USSVI Veterans News Postings - Year 2003 News
Posting Date: 06 December 2003
From: John Dudas
Subject: President Bush Signs Fair & Accurate Credit Transactions
Act of 2003
Fact Sheet:
President Bush Signs
the Fair & Accurate Credit Transactions Act of 2003
Today's Presidential Action: Please
note extra protection for members of the military serving overseas.
Today at the White House, the President
signed into law the Fair and Accurate Credit Transactions Act of 2003,
ensuring that all citizens are treated fairly when they apply for a mortgage
or other form of credit.
The legislation will provide consumers,
companies, consumer reporting agencies, and regulators with important new
tools that expand access to credit and other financial services for all
Americans, enhance the accuracy of consumers' financial information, and
help fight identity theft.

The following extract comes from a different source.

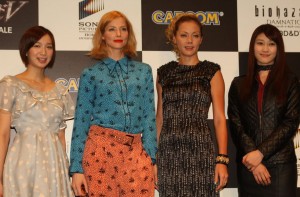 左から芹那、シエンナ・ギロリー、土屋アンナ、原幹恵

These reforms make permanent the uniform national
standards of our credit markets, and institute new, strong consumer protections.
Background on Today's Presidential Action
The Fair and Accurate Credit Transactions Act of 2003 will accomplish the
following key Administration priorities
to help ensure that all Americans, of every income level and background,
are able to build good credit and confront the problem of identify theft:
Ensuring that lenders make decisions
on loans based on full and fair credit histories, and not on discriminatory
stereotypes.
In 1996, uniform national standards
were established to set clear rules on what credit agencies were entitled
to include in individual credit reports, and now more than a million Americans
have credit as a result.
This legislation makes those national
standards permanent.
- Improving the quality of credit information,
and protecting consumers against identity theft.
- Giving every consumer the right to
their credit report free of charge every year. Consumers will be able to
review a free report every year for unauthorized activity, including activity
that might be the result of identity theft.
- Helping prevent identity theft before
it occurs by requiring merchants to leave all but the last five digits
of a credit card number off store receipts. This law will make sure that
slips of paper that most people throw away do not contain their credit
card number, a key to their financial identities.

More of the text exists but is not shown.